Once those values are known you can generate a function for determining the distance by feeding some of your values into a curve fitting tool (I use https://mycurvefit.com/, don't worry it's not an exercise website for ladies). Once you pick the equation that looks best for your data you should know how far away your ball is at any point in reasonable time (not accounting for crazy bounces and ricochets).

At this point we know where the ball is and will be at any given time, and now need to find where the player should intercept it. I'm sure there is a really smart way to do this, but I don't know it, so brace yourself. From here I would use a binary search like algorithm to see at which point on the balls path the player can reach without being either too early or too late. Some pseudo code for this would be like:

// true means I could probably get the ball, false means I can't
bool CheckMidPoint(float startTime, float endTime, int checksRemaining, out Vector3 bestMatch)
{
if (checksRemaining > 0) // true if should we keep looking for a better place to get the ball.
{
float checkTime = 0.5f * (endTime - startTime);
Vector3 futureBallPosition = WhereWillMyBallBe(checkTime);
float myTime = PlayerTimeToPoint(futureBallPosition);

if (myTime == checkTime) // this will probably never happen
{
return true;
}
else if (myTime < checkTime) // I got here too early
{
bestMatch = futureBallPosition;
return true || CheckMidPoint(startTime, checkTime, checksRemaining-1, out bestMatch);
}
else // I got here too late
{
return CheckMidPoint(checkTime, startTime, checksRemaining-1, out bestMatch);
}
}
else
{
return false; // lets hope one of the earlier checks passed otherwise let's give up, this guy is too chonky to get the ball.
}
}


I apologize for not testing that and giving you better code but I am a bit short on time. Anyway that should return the best point to intercept the ball if it continues on the expected path. Be sure to keep your check count low (probably 10 is fine if only the closest player for each team is trying to get the ball) otherwise your frame rate might start to crawl.

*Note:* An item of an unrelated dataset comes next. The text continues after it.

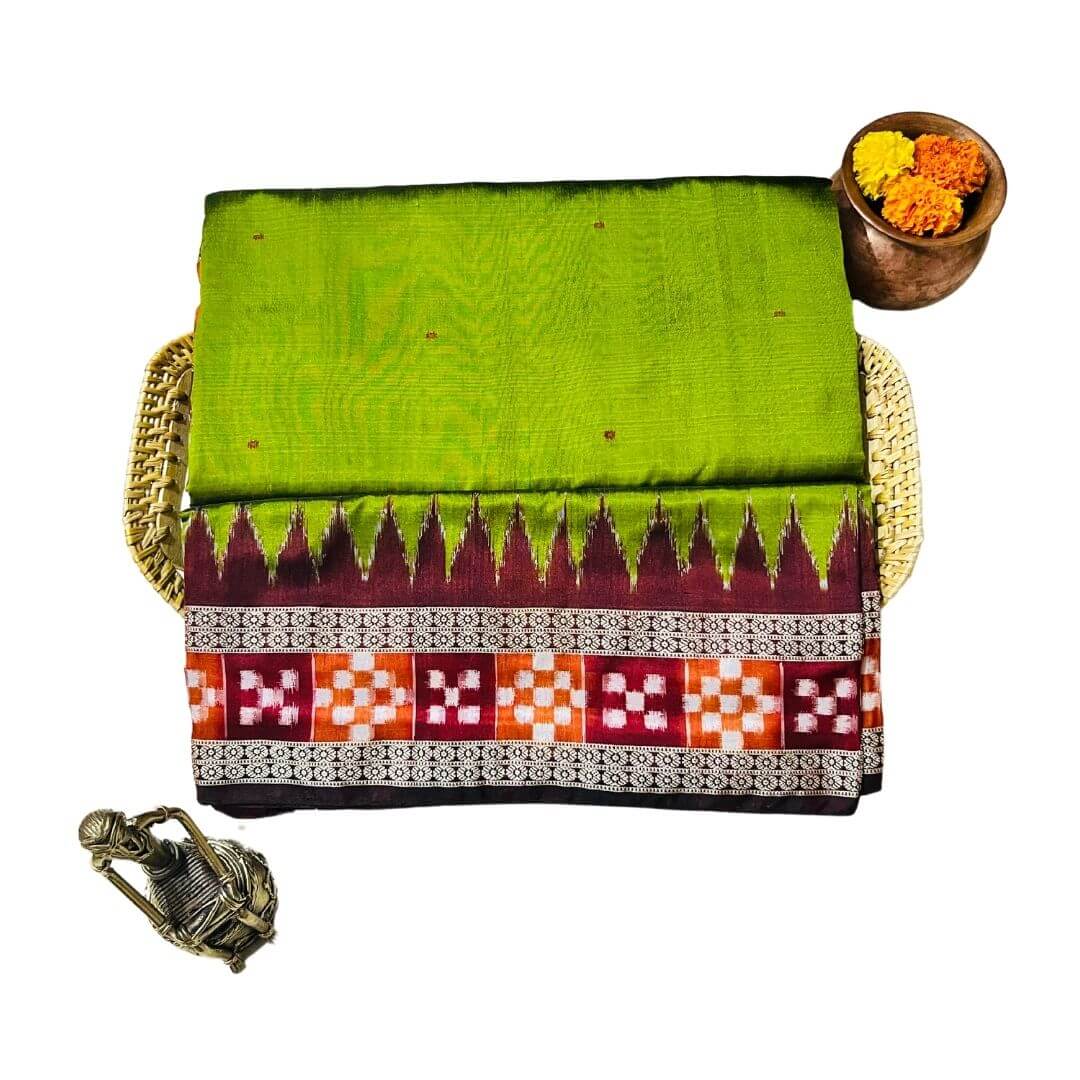 Handwoven Silk | Sambalpuri Saree - Olive Green Colour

Your only option is to dry run the simulation as the ball is kicked, then have the Ai begin moving to that location.

• What do you mean by dry run? Do you mean run the simulation ahead of time? Can you help me understand how this can be done in unity if possible? Aug 18, 2020 at 17:03
• Why would this be the only option? Granted, modelling the slowdown of the ball and intercepting this non-linear motion is messy, but it's by no means impossible. Aug 18, 2020 at 17:20
• By Dry Run I mean you need to calculate the position of the ball at a specified time, this is the same as running the simulation-ish, as you'll need to run the equations to calculate this. @DMGregory I guess it's not the only option on a second look. You could use a graph function that closely resembles distance at time and query that using an initial velocity provided by the kick. I guess that would model psychology better as humans can judge initial velocity and then query their own experience for how far that ball will travel. Aug 19, 2020 at 9:18

What I would do is calculate it as if it was constant speed, but re-calculate it as it is in the air, possibly every frame. As the ball gets closer to target, your constant speed calculations should approach the correct solution.

As a side-effect, you will get a realistic AI, as it will adjust itself as the ball approaches.